Python has several io base classes including
IOBase
RawIOBase
BufferedIOBase
TextIOBase
as well as several derived io classes:
FileIO
BytesIO
Now, when i create a BytesIO
object, the mro is:
[<class '_io.BytesIO'>, <class '_io._BufferedIOBase'>, <class '_io._IOBase'>, <class 'object'>]
and when i create a FileIO
object, the mro is:
[<class '_io.FileIO'>, <class '_io._RawIOBase'>, <class '_io._IOBase'>, <class 'object'>]

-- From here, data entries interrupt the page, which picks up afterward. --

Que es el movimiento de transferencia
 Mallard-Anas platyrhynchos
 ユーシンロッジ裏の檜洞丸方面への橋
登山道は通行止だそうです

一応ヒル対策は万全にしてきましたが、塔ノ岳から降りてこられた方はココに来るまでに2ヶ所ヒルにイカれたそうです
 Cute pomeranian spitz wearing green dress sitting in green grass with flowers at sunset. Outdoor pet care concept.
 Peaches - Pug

This is pretty straightforward.
However, when i open a binary file for writing using the built-in open, i get the mro:
[<class '_io.BufferedWriter'>, <class '_io._BufferedIOBase'>, <class '_io._IOBase'>, <class 'object'>]
Isn't a command which opens a file expected to return a FileIO
object according to the principle of least surprise?
I just wrote a method which accepts either a BytesIO
or a file and i stumbled over my if isinstance(io.FileIO) ...
clause.
What is the difference between a FileIO
object and the object returned by open?
The main difference is that FileIO
inherits from the RawIOBase
class which provides low-level access to the OS-level API, but the open
function return a BufferedIOBase
inheritor, which is more suitable in generic case (I think)). As the side effect FileIO
can work with the OS-level file descriptors as a name (open
allows the path-like only). So the FileIO
provides more flexible API to work with binary files or streams (for example to reduse the memory usage, etc), open
- doesn't. More info about the difference here.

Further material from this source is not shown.